The elephants … Maisie and Minnie. Two lumbering, gentle Asian elephants she’d known and loved from the moment she could first remember.

Elephants.

House.

‘They sold the elephants,’ she whispered, but already she was seeing the chasm where a house should be but maybe elephants were instead.

‘There’s not a big market for second hand circus elephants,’ Mathew said, still gently, but his words were calmly sure. ‘Or lions. Or monkeys, for that matter.’

‘Grandpa said he sold them to an open-range zoo.’

‘Maybe your grandpa wanted to keep you happy.’

She stared at him—and then she snatched up the paper and stared at it as if it was an unexploded bomb, while Mathew Bond’s words washed around her.
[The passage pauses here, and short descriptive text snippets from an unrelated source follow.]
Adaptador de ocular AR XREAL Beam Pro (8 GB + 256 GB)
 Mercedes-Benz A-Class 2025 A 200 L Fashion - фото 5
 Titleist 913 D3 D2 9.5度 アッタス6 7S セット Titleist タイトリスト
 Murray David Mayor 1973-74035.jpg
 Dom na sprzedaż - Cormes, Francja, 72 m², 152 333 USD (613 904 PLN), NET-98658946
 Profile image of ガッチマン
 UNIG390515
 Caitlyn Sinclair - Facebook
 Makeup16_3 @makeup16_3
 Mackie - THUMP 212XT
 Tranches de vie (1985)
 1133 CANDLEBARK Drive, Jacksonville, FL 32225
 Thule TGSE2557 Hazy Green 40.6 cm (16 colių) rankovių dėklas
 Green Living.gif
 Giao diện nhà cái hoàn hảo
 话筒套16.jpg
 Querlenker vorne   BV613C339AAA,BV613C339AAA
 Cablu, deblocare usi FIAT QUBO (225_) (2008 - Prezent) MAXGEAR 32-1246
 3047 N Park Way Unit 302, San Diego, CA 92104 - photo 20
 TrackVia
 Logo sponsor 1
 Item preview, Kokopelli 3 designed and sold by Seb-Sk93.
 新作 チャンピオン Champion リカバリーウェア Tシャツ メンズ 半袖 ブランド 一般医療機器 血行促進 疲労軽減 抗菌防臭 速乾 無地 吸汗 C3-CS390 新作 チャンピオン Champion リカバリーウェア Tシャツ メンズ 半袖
‘Bond’s Bank—meaning my grandfather—was approached ten years ago,’ he told her as she kept staring. ‘We were asked to set up a loan to provide for the care of two elephants, three lions and five monkeys. A wildlife refuge west of Sydney provides such care, but, as you can imagine, it’s not cheap. Elephants live up to seventy years. Lions twenty. Monkeys up to forty. You’ve lost one lion, Zelda, last year, and two of the monkeys have died. The rest of the tribe are in rude health and eating their heads off. The loan was worked out based on costs for ten years but those costs have escalated. You’ve now reached the stage where the interest due is almost as much as the loan itself. Henry’s way overdue in payments and the refuge is calling in its overdue bills. They’re winding down. Your grandfather’s seventy-six, Allie. There’s no way he can repay this loan. It’s time to fold the tent and give it away.’

Silence.

She was staring blindly at Mathew now, but she wasn’t seeing him. Instead she was seeing elephants. She’d watched them perform as a child, she’d learned to work with them and she’d loved them. Then, as a teenager she’d started seeing the bigger picture. She’d started seeing the conditions they lived in for what they were, and she’d railed against them.

She remembered the fights.

‘Grandpa, I know we’ve always had wild animals. You’ve lived with them since you were a kid, too, but it’s not right. Even though we do the best we can for them, they shouldn’t live like this. They need to be somewhere they can roam. Grandpa, please …’

As she’d got older, full of adolescent certainty, she’d laid down her ultimatum.

‘I can’t live with you if we keep dragging them from place to place. The camels and dogs and ponies are fine—they’ve been domestic for generations and we can give them decent exercise and care. But not the others. Grandpa, you have to do something.’

‘The circus will lose money …’ That was her grandfather, fighting a losing battle.

‘Isn’t it better to lose money than to be cruel?’

She remembered the fights, the tantrums, the sulky silences—and then she’d come home from one of her brief visits to her mother and they’d gone.

‘We’ve sent them to a zoo in Western Australia,’ Gran had told her, and shown her pictures of a gorgeous open range zoo.

Then, later—how much later?—they’d shown her pictures of a house. Her mind was racing. That was right about the time she was starting to study bookkeeping. Right about the time Henry was starting to let her keep the books.